I’ve been following events at Belfast City Council for long enough now to know that Sinn Fein hate being thwarted in any way, but watching the webcast of the last council meeting I was shocked by the suppression of debate by the Sinn Fein Mayor, Deirdre Hargey, and the attitude displayed by her colleague, Ciaran Beattie, in his attack on Devlin, whom I believe they dislike because he refused to support the hunger strikes, opposed violence and was threatened and intimidated by the IRA.

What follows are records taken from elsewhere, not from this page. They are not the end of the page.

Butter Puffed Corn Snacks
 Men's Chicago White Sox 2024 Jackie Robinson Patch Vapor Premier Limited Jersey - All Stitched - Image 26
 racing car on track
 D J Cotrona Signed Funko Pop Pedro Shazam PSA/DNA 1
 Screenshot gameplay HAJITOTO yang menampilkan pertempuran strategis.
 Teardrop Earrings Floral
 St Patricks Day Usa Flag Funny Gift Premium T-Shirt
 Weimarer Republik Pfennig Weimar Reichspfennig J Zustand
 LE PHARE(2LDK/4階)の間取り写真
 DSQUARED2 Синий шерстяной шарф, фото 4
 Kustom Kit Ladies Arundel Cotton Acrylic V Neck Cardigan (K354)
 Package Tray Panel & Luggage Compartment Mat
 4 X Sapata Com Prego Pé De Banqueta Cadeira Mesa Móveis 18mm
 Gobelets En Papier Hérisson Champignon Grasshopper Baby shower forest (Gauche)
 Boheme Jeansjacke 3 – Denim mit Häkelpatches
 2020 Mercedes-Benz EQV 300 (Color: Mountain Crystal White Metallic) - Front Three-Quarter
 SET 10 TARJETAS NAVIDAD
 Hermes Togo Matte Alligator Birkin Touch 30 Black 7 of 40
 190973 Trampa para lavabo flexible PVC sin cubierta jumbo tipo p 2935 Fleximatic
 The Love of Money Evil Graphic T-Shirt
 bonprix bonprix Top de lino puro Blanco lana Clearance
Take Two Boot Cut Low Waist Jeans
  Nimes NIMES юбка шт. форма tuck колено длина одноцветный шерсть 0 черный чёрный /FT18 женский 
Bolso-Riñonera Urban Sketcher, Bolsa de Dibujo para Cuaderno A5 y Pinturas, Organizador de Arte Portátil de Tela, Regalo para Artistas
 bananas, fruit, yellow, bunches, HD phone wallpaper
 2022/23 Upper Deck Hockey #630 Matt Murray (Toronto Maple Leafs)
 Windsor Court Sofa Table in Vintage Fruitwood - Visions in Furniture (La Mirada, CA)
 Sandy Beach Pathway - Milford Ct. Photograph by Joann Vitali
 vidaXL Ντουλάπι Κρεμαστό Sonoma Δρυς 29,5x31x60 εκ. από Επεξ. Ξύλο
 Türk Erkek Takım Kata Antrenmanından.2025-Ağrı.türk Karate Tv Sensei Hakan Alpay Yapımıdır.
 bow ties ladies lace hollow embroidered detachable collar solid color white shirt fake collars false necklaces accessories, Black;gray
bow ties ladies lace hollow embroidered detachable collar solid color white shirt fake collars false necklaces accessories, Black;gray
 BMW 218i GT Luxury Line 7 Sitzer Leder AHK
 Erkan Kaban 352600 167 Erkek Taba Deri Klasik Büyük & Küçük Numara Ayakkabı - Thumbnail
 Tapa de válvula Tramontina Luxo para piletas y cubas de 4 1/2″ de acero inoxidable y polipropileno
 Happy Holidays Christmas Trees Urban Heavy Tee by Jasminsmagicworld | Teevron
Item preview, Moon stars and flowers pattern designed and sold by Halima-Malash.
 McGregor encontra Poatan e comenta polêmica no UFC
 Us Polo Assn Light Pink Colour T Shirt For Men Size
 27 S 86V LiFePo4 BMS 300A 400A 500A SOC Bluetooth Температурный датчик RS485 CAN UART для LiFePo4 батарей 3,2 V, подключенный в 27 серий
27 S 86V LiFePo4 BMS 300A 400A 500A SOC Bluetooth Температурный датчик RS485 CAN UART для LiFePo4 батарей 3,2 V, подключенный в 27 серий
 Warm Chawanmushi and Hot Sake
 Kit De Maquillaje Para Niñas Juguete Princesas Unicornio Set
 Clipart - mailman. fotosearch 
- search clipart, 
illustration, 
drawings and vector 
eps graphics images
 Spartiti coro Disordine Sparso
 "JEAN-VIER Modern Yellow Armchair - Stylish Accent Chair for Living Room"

Attwood, who can’t have liked Devlin’s attitude to his party, described him as “a punchy character, a republican, socialist, trade unionist and peace train activist who spent his life campaigning for civil rights, fairness and equality for all regardless of religious affiliation or political belief”.

Sinn Fein might at least, he said, have shown some respect to his family and the people who proposed.

But they didn’t.

“Sinn Fein appear to want their way or no way,” he ended. “It is the same old and out of date strategy of ourselves alone.”

How can anyone seriously contemplate going into government with them?